EXERCISE DESCRIPTION:
Would you restate the full listing word for word and omit its pictures?

DATA SHOWN:
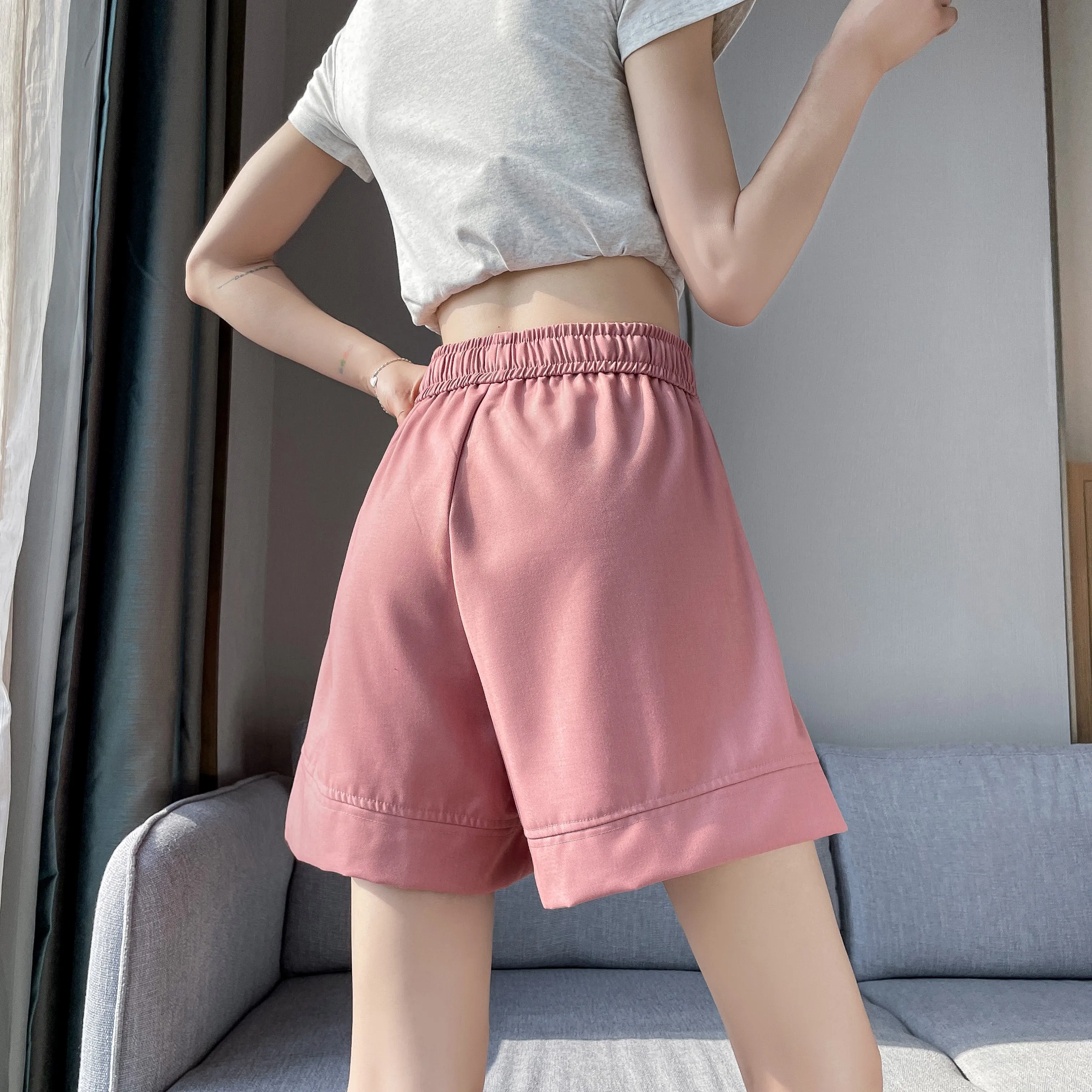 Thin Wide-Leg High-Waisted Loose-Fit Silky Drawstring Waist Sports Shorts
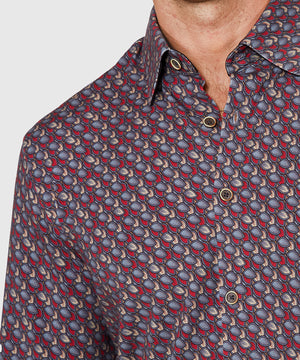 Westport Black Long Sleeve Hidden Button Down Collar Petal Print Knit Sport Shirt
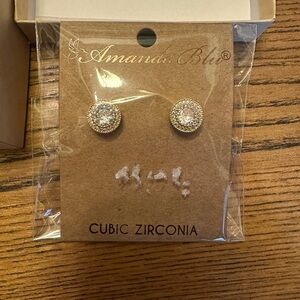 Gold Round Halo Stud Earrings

RESPONSE TO THIS EXERCISE:
 Thin Wide-Leg High-Waisted Loose-Fit Silky Drawstring Waist Sports Shorts
 Westport Black Long Sleeve Hidden Button Down Collar Petal Print Knit Sport Shirt
 Gold Round Halo Stud Earrings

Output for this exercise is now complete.